For us it is our own version of unified communication or unified collaboration. Instead of taking all these related applications, whether it is sales force automation or a learning management system, instead of doing each one of those one off we said let's build a platform that does it. Let’s provide the APIs and the software development kits and the technology platform.
So we are doing a couple of things. For us, we are opening up the MediaTone network and allowing innovation to come from the outside. We are good at the online collaboration, we go deep there. We say WebEx Connect goes wide, it lets WebEx and our customers take advantage of all the great application ideas that work better with real-time collaboration added.
With Cisco, we see that platform going broad. What I mean is they have an absolutely unparalleled relationship with the enterprise. We believe that the enterprise business is there for the taking. With Cisco, putting this in their kit bag is a huge opportunity. For WebEx, where we have smaller customers, it will be interesting to explore with Connect the benefits of allowing Cisco to add their own technologies to the Connect platform and penetrate into the SMB.
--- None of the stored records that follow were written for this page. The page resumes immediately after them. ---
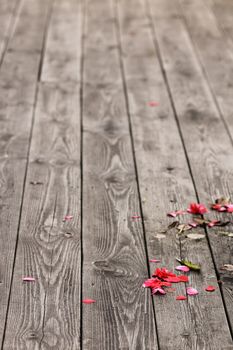 Autumn's fallen flowers on the wooden plank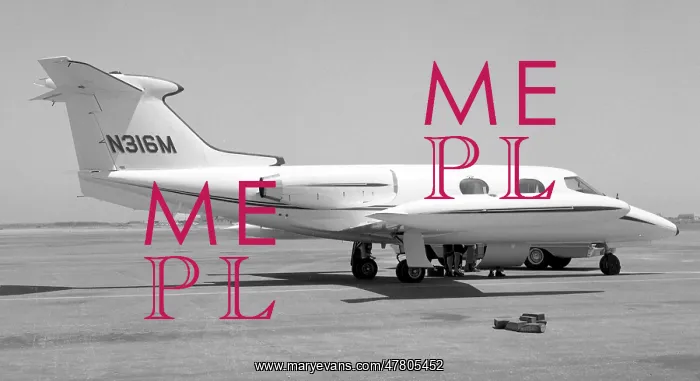  : Gates Learjet 24 N316M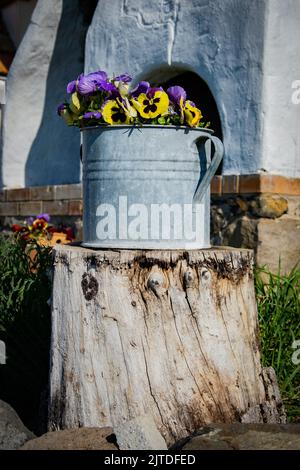 Pansy blüht in altem Zinneimer Stockfoto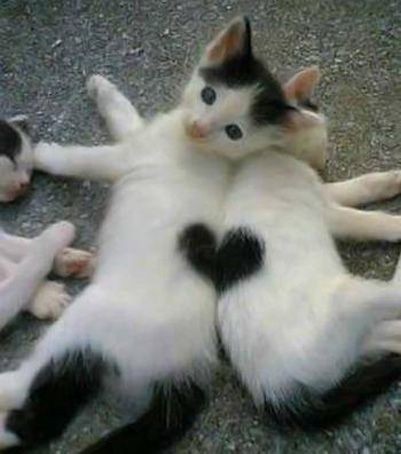 Create meme: funny cats with hearts, lolcats, funny cats to tears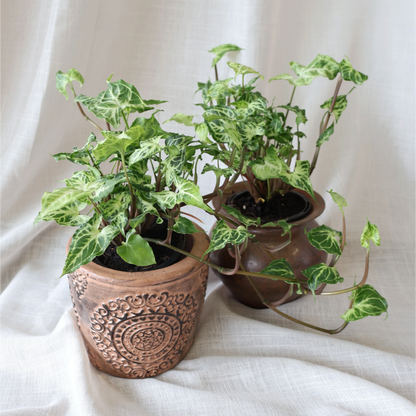 Syngonium Batik 90mm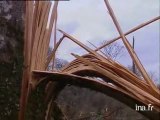 Bilan de la tempête sur les forêts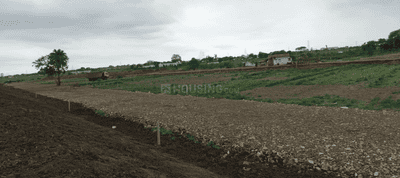 Project Image of 401.49 - 11909.84 Sq.ft Residential Plot Plot for buy in Silicon Waterfront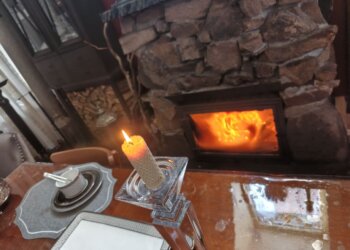 Иван-чай, облепиха и кедр: чем согреваются сибиряки, когда приходят холода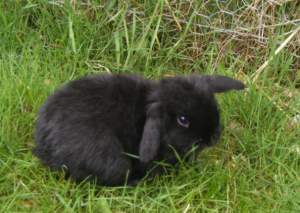Lapin nain bélier | lapin domestique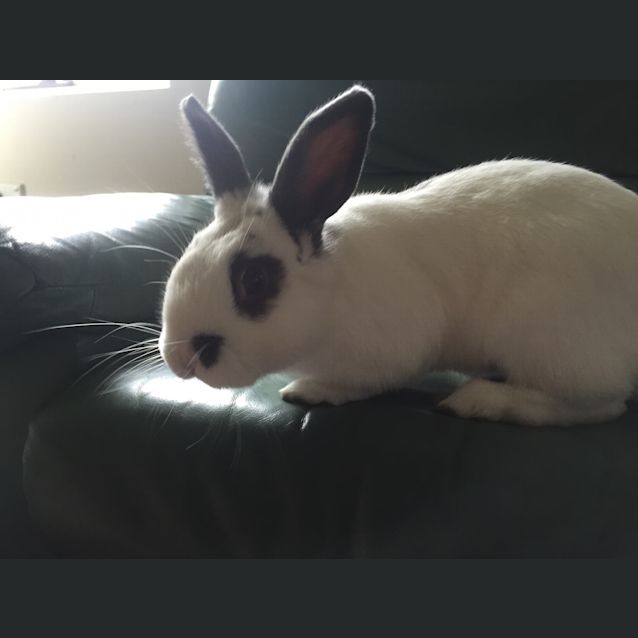 Photo of Rigby The Rabbit 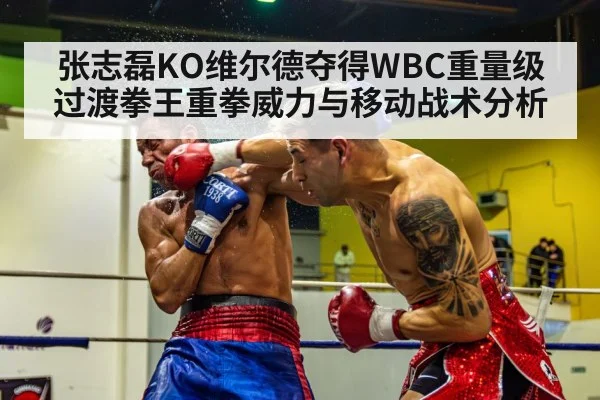 张志磊KO维尔德夺得WBC重量级过渡拳王重拳威力与移动战术分析 - jiuyou game
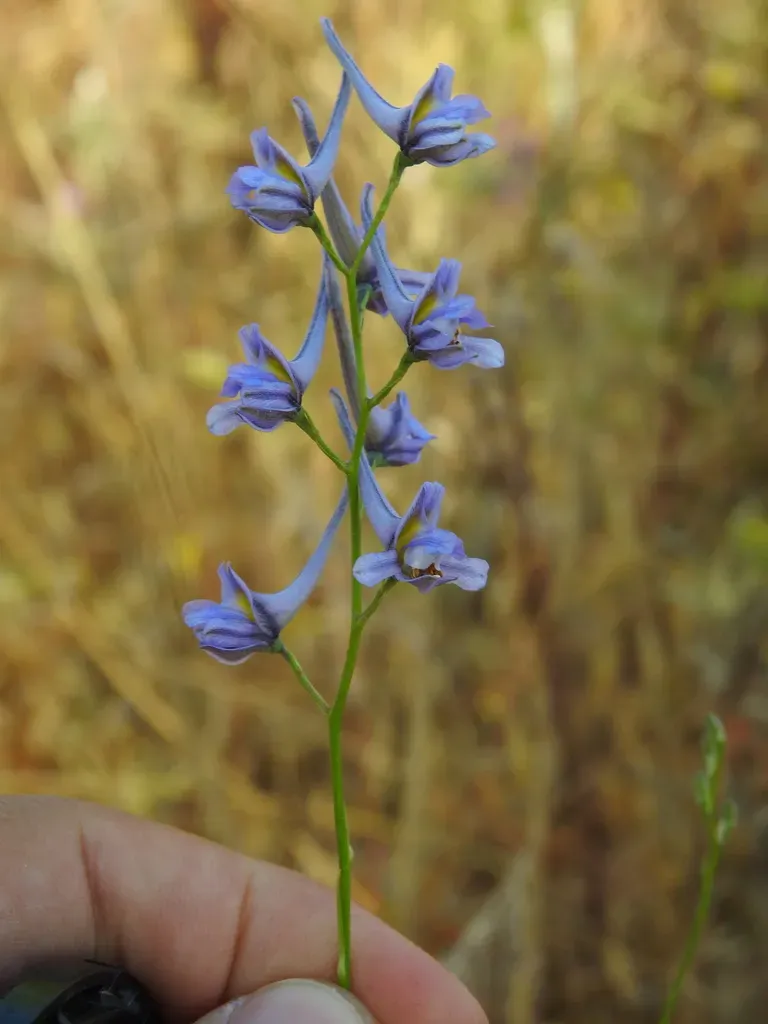 Espuela De Caballero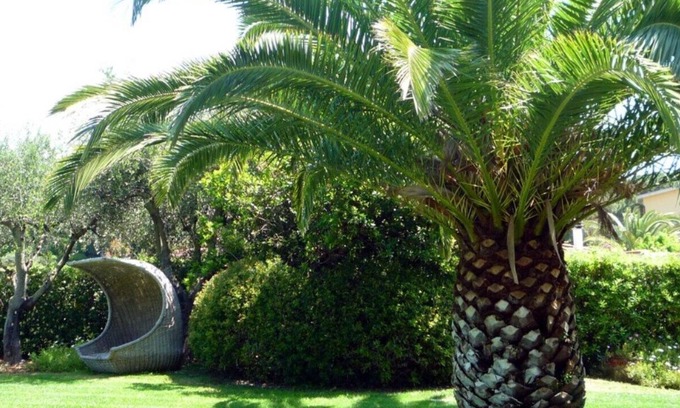 Lido di Capoliveri Apartment | Marilena - MARILENA - C/LIDO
Are there integration challenges you face in combining your platform with Cisco products?
There will undoubtedly be challenges, but frankly we have plenty of time to figure out where the synergies are. I think both sides kind of look at this as an embarrassment of riches in the different ways we can combine technology. And, yes, we are gong to run into some challenges along the way but that is pretty insignificant compared to where we see the opportunities.